La storica azienda, infatti, ha deciso di inserire sulle sue etichette di Barolo e Barbaresco una frase che ha il sapore della provocazione: «...E non chiamatelo Base». Lo hanno scritto pure in inglese, visto che l’80% dei loro vini viene bevuto all’estero: «Please, don’t call it Regular».
Spiega il titolare Pio Boffa: «È sempre più frequente, da parte di appassionati, operatori e produttori, chiamare con l’appellativo “Base” quei Barolo e quei Barbaresco che non sono prodotti da un solo vigneto, o da una sola sottozona e che non ne portano il nome in etichetta». Ma aggiunge: «Il Barolo e il Barbaresco hanno saputo conquistare nel mondo grande ammirazione grazie all’alta qualità acquisita sin dalle loro origini, alla fine dell’800. Allora venivano per lo più prodotti con uve Nebbiolo, provenienti da più vigneti con caratteristiche diverse, situati in più Comuni, e volevano valorizzare l’insieme dei “terroirs” di ciascuna zona del Barolo e del Barbaresco: di quei nomi, già allora, erano orgogliosi di fregiarsi, e non già di uno solo di questi».
In effetti, solo più di recente si è consolidata una filosofia diversa, che predilige produrre il Barolo e il Barbaresco da singoli vigneti o da singole zone, riportandone anche il nome in etichetta, accanto a quello della rispettiva denominazione.
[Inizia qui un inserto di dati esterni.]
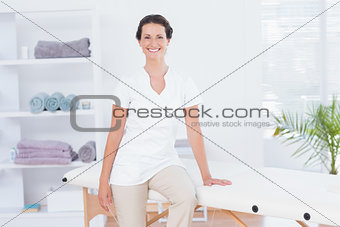 Smiling doctor looking at camera sitting on massage table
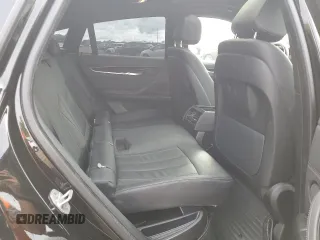 2018 BMW X6 xDrive35i with VIN 5UXKU2C56J0X50180, listed as a Copart auction lot 66432553 with 55,700 mi miles. Bid and sale history available at carsss.com. Image 11.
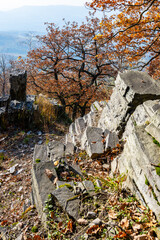 On a sunny autumn day, the landscape at Sedlo Mountain features vibrant foliage and rocky terrain, inviting exploration. The warmth of the sun enhances the beauty of the natural surroundings.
I francesi li chiamano «cru», con una vera e propria classificazione qualitativa. In Langa sono definite «Menzioni geografiche aggiuntive», con nomi come Cannubi, Cerequio, Asili, Rabajà, che ufficialmente indicano solo la posizione. La battaglia tra «modernisti» e «tradizionalisti» iniziò già negli Anni 80, ma negli ultimi tempi la moda delle menzioni è dilagata. E la questione del nome non è solo lessicale. Anzi, è soprattutto economica, perché il Barolo definito «base» in media spunta prezzi inferiori a quelli con le menzioni riportate in etichetta, anche se la qualità è la stessa o addirittura superiore.
«Entrambe le filosofie, a nostro avviso, raggiungono risultati qualitativi d’eccellenza», dicono dalla Pio Cesare, dove da oltre un secolo i vini migliori sono prodotti con uve provenienti da un insieme di vigneti situati intenzionalmente in diverse esposizioni. «Continuiamo a produrli così dall’inizio della nostra storia. Ma chiamare con l’appellativo “Base” un Barolo e un Barbaresco, solo perché non sono prodotti da un solo vigneto riportato in etichetta, sminuisce il prestigio delle denominazioni e le riduce a essere considerate ai piedi di un non meglio identificato vertice. Ecco perché abbiamo voluto rivisitare le nostre etichette».
La provocazione è lanciata: Bartolo Mascarello, che fu tra i più convinti sostenitori di un Barolo tradizionale senza menzioni, sarebbe soddisfatto.